Concerning the direct use of Newton’s method for solving systems of equations, even for polynomials p(z) of 1 complex variable z of small degrees (e.g. 4), there is the well-known phenomenon of attracting cycles of at least 2 points. (Hence, as a consequence, Newton’s method does not converge to a root of p(z).) Among all previous variants of Newton’s methods, we are aware of only one method which has theoretical guarantee for convergence to roots [24]. This is the Random damping Newton’s method, which has the update rule \(z_{n+1}=z_n-\gamma _n p'(z_n)/p(z_n)\), where \(\gamma _n\) is randomly chosen. However, this method has some disadvantages. First, the theoretical proof is very complicated. Second, it is not guaranteed when applied to a meromorphic function like Theorem 3.3, or to higher dimensions. Indeed, our extensive experiments seem to confirm that this method does not perform well in the more general setting, and in many instances it behaves like the original Newton’s method.

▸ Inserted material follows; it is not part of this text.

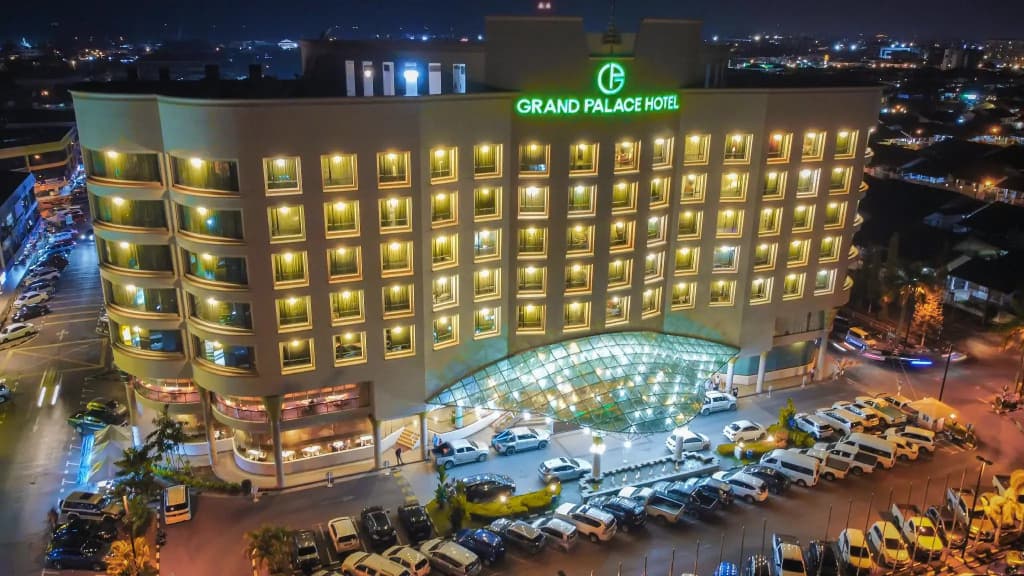 Grand Palace Hotel - photo 22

Let g be a meromorphic function in 1 complex variable \(z\in \textbf{C}\). Then, outside a discrete set (poles of g), g is a usual holomorphic function. To avoid the trivial case, we can assume that g is non-constant. We write \(z=x+iy\), where \(x,y\in \textbf{R}\). We define \(u(x,y)=\) the real part of g, and \(v(x,y)=\) the imaginary part of g. Then, we consider a function \(f(x,y)=u(x,y)^2+v(x,y)^2\). A zero \(z=x+iy\) of g is a global minimum of f, at which the function value is 0. Therefore, optimization algorithm can be used to find roots of g, by applying to the function f(x, y), provided the algorithm assures convergence to critical points and avoidance of saddle points, and provided that critical points of f which are not zeros of g must be saddle points of f.
Theorem 3.2
Let f(x, y) be the function constructed from a non-constant meromorphic function g(z) as before. Assume that the constant \(\alpha >0\) in the definition of New Q-Newton’s method does not belong to the set \(\{(n-3)/(n-1):~n=2,3,4,\ldots \}\) (e.g. we can choose \(\alpha =1\)). Let \((x_n,y_n)\) be a sequence constructed by Backtracking New Q-Newton’s method from an arbitrary initial point which is not a pole of f. Then, either \(\lim _{n\rightarrow \infty }(x_n^2+y_n^2)=\infty \), or the sequence \(\{(x_n,y_n)\}\) converges to a point \((x^*,y^*)\) which is a critical point of f.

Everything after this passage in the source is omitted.